Send back all the data below, exactly as given.

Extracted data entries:
__________________________________________________
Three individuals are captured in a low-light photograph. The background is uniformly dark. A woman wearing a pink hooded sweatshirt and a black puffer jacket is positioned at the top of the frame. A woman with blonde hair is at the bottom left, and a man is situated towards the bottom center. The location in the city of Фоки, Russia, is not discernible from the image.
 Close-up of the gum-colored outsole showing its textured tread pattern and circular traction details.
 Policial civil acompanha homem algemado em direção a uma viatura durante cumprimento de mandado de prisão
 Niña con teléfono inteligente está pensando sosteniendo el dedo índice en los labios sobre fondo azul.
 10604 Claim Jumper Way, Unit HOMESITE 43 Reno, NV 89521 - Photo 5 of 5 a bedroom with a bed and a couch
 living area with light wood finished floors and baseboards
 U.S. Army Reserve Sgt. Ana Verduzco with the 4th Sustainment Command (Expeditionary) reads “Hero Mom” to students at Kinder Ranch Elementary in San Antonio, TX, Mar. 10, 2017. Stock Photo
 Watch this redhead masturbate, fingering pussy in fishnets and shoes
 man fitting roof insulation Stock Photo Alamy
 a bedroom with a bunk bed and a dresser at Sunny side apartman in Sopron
__________________________________________________
**Output of the exercise:**
Three individuals are captured in a low-light photograph. The background is uniformly dark. A woman wearing a pink hooded sweatshirt and a black puffer jacket is positioned at the top of the frame. A woman with blonde hair is at the bottom left, and a man is situated towards the bottom center. The location in the city of Фоки, Russia, is not discernible from the image.
 Close-up of the gum-colored outsole showing its textured tread pattern and circular traction details.
 Policial civil acompanha homem algemado em direção a uma viatura durante cumprimento de mandado de prisão
 Niña con teléfono inteligente está pensando sosteniendo el dedo índice en los labios sobre fondo azul.
 10604 Claim Jumper Way, Unit HOMESITE 43 Reno, NV 89521 - Photo 5 of 5 a bedroom with a bed and a couch
 living area with light wood finished floors and baseboards
 U.S. Army Reserve Sgt. Ana Verduzco with the 4th Sustainment Command (Expeditionary) reads “Hero Mom” to students at Kinder Ranch Elementary in San Antonio, TX, Mar. 10, 2017. Stock Photo
 Watch this redhead masturbate, fingering pussy in fishnets and shoes
 man fitting roof insulation Stock Photo Alamy
 a bedroom with a bunk bed and a dresser at Sunny side apartman in Sopron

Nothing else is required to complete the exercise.